• **ABOUT THIS TASK**
Only the lines below between the ones containing "Set áo babydoll" and "Braccialetti di avviso", inclusive, are to be reproduced, each exactly as it stands.

• **GIVEN ENTRIES**
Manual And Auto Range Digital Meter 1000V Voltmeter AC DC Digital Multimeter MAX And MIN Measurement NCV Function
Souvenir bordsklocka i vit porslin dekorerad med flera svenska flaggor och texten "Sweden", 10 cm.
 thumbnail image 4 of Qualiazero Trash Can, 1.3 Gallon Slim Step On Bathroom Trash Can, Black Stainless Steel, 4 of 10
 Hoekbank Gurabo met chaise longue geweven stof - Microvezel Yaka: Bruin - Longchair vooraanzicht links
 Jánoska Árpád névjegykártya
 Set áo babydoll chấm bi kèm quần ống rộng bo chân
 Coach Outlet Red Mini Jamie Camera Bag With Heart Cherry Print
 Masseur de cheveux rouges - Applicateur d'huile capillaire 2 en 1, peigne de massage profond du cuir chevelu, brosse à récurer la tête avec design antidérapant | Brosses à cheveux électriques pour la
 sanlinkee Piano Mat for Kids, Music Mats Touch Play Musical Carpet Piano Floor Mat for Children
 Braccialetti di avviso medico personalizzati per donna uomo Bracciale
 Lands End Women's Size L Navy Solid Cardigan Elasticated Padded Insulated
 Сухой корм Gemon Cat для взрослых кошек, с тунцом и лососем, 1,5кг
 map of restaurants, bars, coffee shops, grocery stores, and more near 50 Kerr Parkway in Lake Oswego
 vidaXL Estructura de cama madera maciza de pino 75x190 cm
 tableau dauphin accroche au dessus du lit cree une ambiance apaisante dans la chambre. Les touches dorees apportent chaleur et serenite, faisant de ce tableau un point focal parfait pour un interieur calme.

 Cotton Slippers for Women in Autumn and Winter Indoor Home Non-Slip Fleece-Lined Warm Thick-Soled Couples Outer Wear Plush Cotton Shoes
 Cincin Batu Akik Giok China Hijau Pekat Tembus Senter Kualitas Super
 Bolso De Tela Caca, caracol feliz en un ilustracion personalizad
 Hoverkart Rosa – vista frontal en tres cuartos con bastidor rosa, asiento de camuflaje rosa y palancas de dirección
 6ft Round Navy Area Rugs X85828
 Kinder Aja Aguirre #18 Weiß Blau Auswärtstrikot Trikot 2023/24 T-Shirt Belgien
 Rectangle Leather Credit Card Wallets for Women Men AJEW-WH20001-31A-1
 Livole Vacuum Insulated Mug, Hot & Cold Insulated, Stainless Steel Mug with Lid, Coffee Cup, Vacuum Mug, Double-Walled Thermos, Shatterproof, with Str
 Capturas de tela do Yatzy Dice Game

• **REPLY**
 Set áo babydoll chấm bi kèm quần ống rộng bo chân
 Coach Outlet Red Mini Jamie Camera Bag With Heart Cherry Print
 Masseur de cheveux rouges - Applicateur d'huile capillaire 2 en 1, peigne de massage profond du cuir chevelu, brosse à récurer la tête avec design antidérapant | Brosses à cheveux électriques pour la
 sanlinkee Piano Mat for Kids, Music Mats Touch Play Musical Carpet Piano Floor Mat for Children
 Braccialetti di avviso medico personalizzati per donna uomo Bracciale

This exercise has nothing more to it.